Work required.
Return the following from the records below: each line, word for word, starting with the line that contains "BYD Dolphin — миниатюра 9" and going on through the line that contains "Appartement Studio à louer NIMES", with nothing outside that range.

Excerpted records.
+++

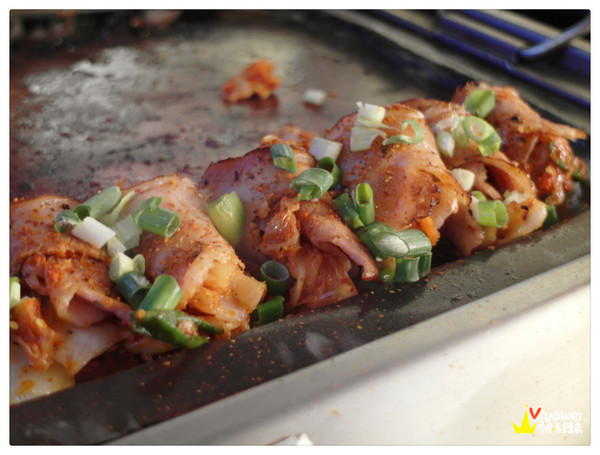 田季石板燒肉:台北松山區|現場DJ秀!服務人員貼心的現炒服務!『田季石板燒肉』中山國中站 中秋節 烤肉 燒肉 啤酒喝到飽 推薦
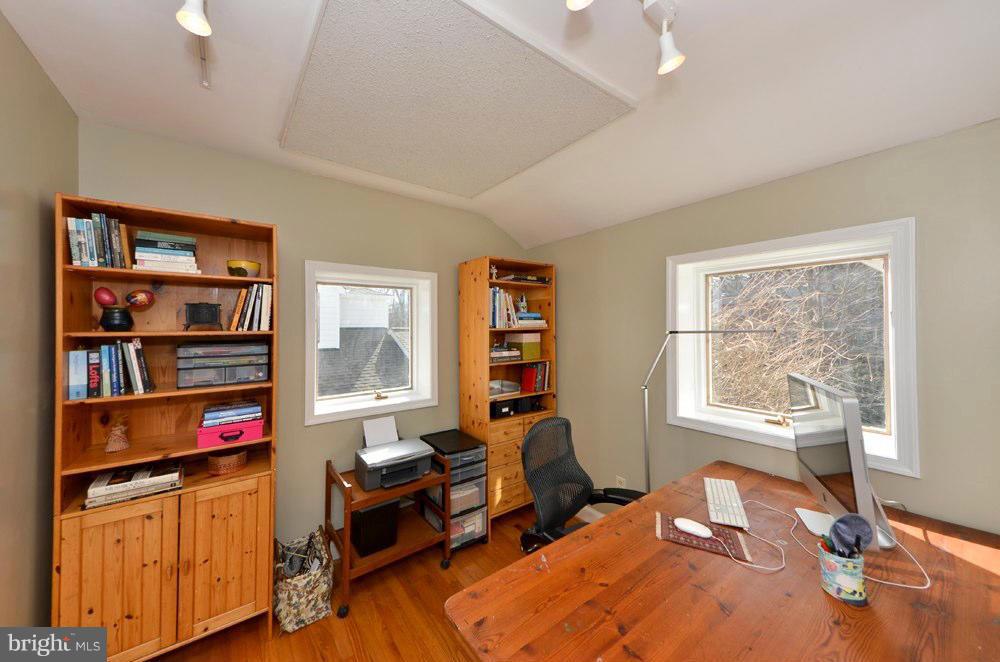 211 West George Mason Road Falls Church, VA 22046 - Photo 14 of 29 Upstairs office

+++

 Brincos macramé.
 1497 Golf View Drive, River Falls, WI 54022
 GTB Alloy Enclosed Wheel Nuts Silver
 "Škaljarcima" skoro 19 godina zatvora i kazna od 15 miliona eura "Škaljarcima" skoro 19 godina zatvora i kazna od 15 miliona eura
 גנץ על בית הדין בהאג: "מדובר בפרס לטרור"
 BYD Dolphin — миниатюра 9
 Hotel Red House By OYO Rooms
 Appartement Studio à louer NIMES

+++

Exercise response.
 BYD Dolphin — миниатюра 9
 Hotel Red House By OYO Rooms
 Appartement Studio à louer NIMES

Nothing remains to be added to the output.